Val, who served as the head of Charlie Hebdo for 17 years, said he had known for decades two of the victims killed, cartoonists Jean Cabut and Georges Wolinski. Both Cabut and Wolinski had been with the newspaper since its inception in 1960.
“I can't accept that I will never see them again,” Val said. “I worked with Cabu for a very long time. We had been friends for 40 years. He was the type of man you don't come across often in a lifetime.”
Val added that he knew the newspaper had been under threat -- Charlie Hebdo was firebombed in 2011 after it published a feature with a caricature of the Prophet Muhammad -- and that he lived “for years” under police protection.
So when he heard about the attacks Wednesday, Val said, “I immediately thought about the people I loved, I immediately thought that something very serious had happened.”
“I think they tried to attack the ideas behind a free society. They tried to make people shut up and stop doing things that they found offensive,” Randazzo said in an interview with ABC News. “It is up to us, however, to make sure that we don’t allow fear, we don’t allow anger to dictate the kinds of things that we feel we can say.”

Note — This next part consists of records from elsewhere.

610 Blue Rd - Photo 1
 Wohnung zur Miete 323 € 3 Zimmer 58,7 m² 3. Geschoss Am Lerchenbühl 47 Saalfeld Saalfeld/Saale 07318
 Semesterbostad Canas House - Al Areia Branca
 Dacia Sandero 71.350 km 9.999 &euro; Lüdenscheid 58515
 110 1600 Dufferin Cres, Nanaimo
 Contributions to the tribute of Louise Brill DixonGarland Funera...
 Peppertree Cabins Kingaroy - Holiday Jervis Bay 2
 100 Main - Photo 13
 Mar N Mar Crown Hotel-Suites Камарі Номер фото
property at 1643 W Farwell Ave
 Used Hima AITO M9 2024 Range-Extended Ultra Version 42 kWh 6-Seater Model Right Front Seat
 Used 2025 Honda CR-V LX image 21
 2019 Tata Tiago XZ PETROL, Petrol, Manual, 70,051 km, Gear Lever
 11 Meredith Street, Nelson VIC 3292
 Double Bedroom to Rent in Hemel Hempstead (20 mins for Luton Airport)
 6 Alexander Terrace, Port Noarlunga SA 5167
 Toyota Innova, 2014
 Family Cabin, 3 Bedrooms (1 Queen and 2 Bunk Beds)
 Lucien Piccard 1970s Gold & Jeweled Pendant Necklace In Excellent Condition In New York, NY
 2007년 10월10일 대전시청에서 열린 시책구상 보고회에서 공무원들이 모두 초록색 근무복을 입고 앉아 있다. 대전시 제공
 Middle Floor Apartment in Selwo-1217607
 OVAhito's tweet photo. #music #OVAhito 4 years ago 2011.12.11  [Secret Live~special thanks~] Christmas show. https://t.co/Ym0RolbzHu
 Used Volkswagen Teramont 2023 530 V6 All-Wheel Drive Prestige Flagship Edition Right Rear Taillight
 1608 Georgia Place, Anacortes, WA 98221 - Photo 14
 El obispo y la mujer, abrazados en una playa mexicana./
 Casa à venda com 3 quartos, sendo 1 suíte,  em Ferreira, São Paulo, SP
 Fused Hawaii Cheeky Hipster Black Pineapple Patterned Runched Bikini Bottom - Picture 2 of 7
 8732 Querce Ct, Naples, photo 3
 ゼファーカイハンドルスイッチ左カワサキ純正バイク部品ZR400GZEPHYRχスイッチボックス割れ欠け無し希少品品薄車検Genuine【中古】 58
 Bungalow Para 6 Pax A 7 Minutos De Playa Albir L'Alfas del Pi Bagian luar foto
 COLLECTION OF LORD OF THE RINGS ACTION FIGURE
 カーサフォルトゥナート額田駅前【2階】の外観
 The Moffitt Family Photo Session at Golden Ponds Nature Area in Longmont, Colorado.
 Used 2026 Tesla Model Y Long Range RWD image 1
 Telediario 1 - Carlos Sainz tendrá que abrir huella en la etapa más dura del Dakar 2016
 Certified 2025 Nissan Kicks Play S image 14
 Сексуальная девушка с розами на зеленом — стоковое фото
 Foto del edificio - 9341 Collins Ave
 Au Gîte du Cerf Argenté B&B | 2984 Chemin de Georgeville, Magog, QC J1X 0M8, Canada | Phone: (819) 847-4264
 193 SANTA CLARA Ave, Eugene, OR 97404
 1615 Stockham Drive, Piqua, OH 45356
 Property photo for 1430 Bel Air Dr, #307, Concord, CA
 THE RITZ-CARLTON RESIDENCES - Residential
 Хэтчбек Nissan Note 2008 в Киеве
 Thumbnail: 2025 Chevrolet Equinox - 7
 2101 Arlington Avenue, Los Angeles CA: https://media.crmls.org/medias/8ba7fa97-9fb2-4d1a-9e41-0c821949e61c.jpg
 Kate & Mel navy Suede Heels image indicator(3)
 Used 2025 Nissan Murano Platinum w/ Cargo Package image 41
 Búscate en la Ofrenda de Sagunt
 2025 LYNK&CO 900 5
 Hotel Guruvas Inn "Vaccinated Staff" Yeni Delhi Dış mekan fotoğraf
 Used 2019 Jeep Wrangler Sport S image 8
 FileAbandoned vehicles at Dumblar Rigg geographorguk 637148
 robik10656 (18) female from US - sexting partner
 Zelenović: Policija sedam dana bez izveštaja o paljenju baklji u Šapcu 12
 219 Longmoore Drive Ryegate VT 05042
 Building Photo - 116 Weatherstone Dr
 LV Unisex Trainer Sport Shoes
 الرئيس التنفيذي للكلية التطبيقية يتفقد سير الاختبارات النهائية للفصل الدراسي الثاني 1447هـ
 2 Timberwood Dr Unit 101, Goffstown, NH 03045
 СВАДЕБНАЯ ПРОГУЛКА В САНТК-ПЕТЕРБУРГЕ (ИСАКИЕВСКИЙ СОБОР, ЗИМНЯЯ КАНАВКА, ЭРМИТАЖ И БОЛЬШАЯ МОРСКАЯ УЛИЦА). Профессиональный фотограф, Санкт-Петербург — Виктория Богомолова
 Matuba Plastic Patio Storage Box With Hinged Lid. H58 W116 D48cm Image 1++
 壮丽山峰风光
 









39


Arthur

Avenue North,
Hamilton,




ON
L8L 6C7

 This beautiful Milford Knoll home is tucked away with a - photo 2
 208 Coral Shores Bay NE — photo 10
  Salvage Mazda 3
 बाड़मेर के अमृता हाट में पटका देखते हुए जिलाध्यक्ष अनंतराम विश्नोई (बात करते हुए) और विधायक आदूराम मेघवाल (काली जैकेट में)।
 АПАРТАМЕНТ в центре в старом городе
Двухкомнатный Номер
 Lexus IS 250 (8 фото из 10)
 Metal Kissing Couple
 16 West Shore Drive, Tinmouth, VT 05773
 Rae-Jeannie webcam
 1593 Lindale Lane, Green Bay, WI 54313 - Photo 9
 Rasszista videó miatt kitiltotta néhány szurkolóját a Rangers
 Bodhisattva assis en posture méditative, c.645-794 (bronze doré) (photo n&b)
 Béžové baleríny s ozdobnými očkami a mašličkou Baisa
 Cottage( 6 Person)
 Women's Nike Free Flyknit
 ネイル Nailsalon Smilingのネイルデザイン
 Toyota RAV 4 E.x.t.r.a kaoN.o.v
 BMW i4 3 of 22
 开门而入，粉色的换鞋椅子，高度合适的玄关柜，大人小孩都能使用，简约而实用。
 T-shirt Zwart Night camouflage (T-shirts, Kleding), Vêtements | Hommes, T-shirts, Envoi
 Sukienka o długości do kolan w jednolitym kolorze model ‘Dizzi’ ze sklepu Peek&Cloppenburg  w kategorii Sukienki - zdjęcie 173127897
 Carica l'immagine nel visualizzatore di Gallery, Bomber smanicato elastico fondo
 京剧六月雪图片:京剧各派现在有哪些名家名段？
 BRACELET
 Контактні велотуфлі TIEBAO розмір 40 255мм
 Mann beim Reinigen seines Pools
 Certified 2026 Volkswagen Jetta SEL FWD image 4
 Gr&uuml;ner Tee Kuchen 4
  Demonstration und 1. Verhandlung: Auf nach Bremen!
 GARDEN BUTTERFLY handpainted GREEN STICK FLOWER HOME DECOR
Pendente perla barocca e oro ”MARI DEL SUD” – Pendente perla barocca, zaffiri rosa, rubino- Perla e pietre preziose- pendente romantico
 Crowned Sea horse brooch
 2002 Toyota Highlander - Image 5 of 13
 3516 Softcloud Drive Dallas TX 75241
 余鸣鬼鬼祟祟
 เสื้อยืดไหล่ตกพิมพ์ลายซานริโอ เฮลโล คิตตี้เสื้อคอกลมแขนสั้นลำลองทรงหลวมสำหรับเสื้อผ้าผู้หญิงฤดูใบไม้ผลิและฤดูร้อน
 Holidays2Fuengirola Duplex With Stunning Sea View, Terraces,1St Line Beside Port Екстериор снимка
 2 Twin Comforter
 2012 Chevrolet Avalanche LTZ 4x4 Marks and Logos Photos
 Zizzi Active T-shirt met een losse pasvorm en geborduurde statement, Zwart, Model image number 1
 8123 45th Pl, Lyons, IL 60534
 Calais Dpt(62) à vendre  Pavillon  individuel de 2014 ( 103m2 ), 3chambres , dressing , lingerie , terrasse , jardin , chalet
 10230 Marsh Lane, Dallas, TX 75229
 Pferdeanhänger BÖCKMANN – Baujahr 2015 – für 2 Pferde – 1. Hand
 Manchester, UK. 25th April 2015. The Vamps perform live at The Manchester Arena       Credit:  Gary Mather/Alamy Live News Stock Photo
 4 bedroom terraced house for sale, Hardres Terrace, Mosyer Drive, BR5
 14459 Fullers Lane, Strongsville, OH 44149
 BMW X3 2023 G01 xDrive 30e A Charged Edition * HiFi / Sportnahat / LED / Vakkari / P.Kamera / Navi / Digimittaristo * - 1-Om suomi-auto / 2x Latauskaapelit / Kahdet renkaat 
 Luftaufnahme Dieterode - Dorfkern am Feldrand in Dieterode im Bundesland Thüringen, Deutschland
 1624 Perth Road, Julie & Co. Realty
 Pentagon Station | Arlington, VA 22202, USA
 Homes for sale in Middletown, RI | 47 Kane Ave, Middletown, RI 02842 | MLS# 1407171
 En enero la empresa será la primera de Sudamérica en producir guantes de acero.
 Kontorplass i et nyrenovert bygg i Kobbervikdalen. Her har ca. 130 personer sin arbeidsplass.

“Nobody should ever be killed for what they write, no matter how inflammatory it could be,” he added.
Randazzo served as an editor at The Onion for six years in its New York City offices, and said the Charlie Hebdo attacks “really hit home.”
"I've made so much of my career out of satire, out of enjoying the freedom of speech we have in America, and that all free societies should have, and whenever that freedom ... comes under threat, I think I feel like my very livelihood is coming under threat,” he said.
“We would joke at The Onion that if there were ever any armed radicals who were offended by anything we wrote...the only defense that we had at our office was our very petite office manager, Jessie. So it was something that existed at the back of our minds,” he said.
But the real threat, Randazzo said, is allowing the terror attacks on Charlie Hebdo to scare people into silence.